Tessellate S.T.E.M.S (2019) - Mathematics - Category C - Set 2 - Objective Problem 5

So we have a rule to add elements to a set. So we need to find sets for which this rule does not add any other elements. Let's start with the three sets (which we can show they do not contain any other elements), and then show there can be no other:

First set :

Start with $S = \lbrace 2 \rbrace$ . If there were another element of this set, it should be written as $\frac{a+b}{\mathrm{gcd}(a,b)}$ . Since only 2 belongs to the set so far, then the only other element we can add is $\frac{2+2}{2} = 2$ . Hence this set is a possible set with the property.

Second set :

Clearly the set $\mathbb{N}$ has this property.

Third set :

Consider the set $\mathbb{N} \setminus \lbrace 1 \rbrace$ . To show that 1 cannot be obtained we need to prove that $\frac{a+b}{\mathrm{gcd}(a,b)} \neq 1$ . This follows from $a+b > \mathrm{gcd}(a,b)$ .

No other sets?

Assume $S$ is such a non-empty set which is not the set with only 2 as an element. Then there is some integer $n \in S$ different from 2. Hence $\frac{n+n}{\mathrm{gcd}(n,n)} = 2$ belongs to the set too.

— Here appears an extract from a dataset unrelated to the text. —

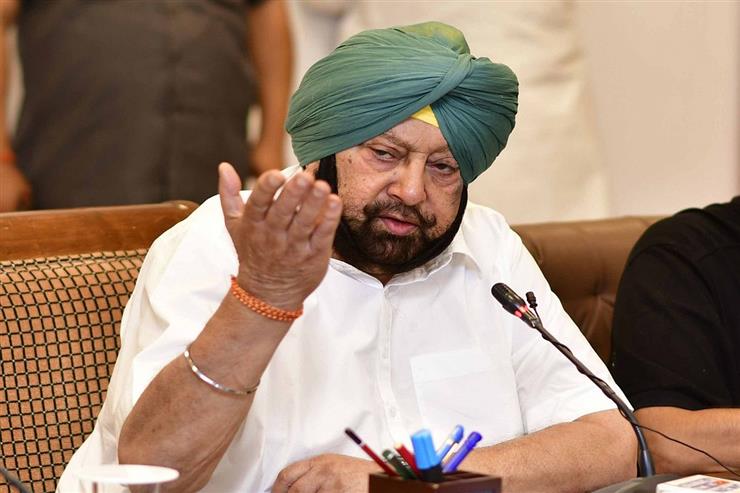 Capt Amarinder seeks dismissal of Punjab govt, President&#39;s rule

From there on, we distinguish two cases:

First case ( $n$ is odd)

If $n$ is odd, then all odd number above $n$ also belong to $S$ : for any odd number $o$ , one has $\frac{o+2}{\mathrm{gcd}(o,2)} = o+2$ . Consider some odd number $i$ and the odd number $3i$ . Then $\frac{i+3i}{\mathrm{gcd}(i,3i)} = 4$ . So 4 belongs to $S$ . But then $\frac{4+2}{\mathrm{gcd}(4,2)} = 3$ . So 3 belongs to $S$ . So all odd numbers (except 1) belong to $S$ . Since any even number larger than 7 is the sum of two distinct prime numbers (yes, I know, this is the Goldbach conjecture), any even number will belong to the set too. You can get 6 using 10 and 2 (10 you can get out 7 and 3).

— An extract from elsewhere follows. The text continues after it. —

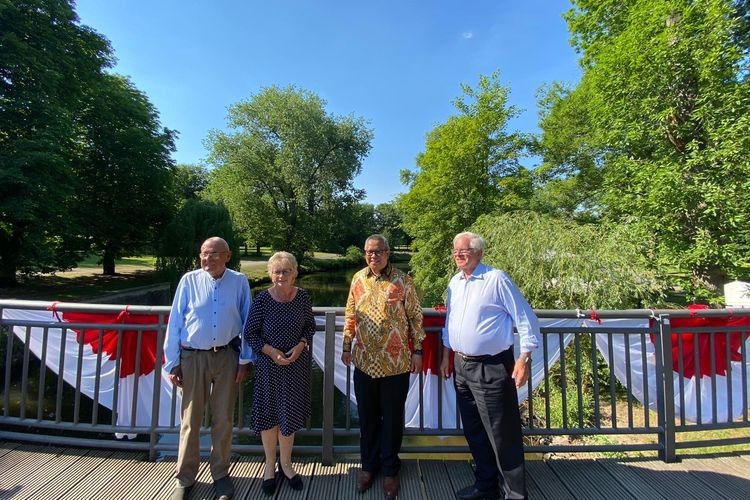 Konjen RI Hamburg Ardian Wicaksono (kedua dari kanan) dan Wakil Wali Kota Braunschweig Annegret Ihbe (kedua dari kiri) berpose setelah meresmikan Jembatan Bandung di Taman Kota Braunschweig, Jerman, pada Jumat 18 Juni 2021.(Foto: KJRI Hambur)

Second case ( $n$ is even and not 2)

If $n$ is even, then $\frac{n+2}{\mathrm{gcd}(n,2)} = \frac{n}{2} +1$ . Let $n_1 = \frac{n}{2} +1$ and $n_0=n$ . Note that $n_1$ cannot be 2 (because we excluded that $n_0$ is 2) and that $n_1 <n_0$ . If $n_1$ is odd, go to the first case. Else look at $n_2 := \frac{n_1+2}{\mathrm{gcd}(n_1,2)} = \frac{n_1}{2} +1$ . If $n_2$ is odd, go to the first case. Else note that $n_2<n_1$ (and $n_2$ cannot be 2). Repeat for $n_3$ , $n_4$ , ... until you get an odd number. Note the process cannot go on forever since $n_k < n_{k+1}$ and $n_k$ is never 2.

Once you have an odd number, you have all integers $\geq 2$ (see first case).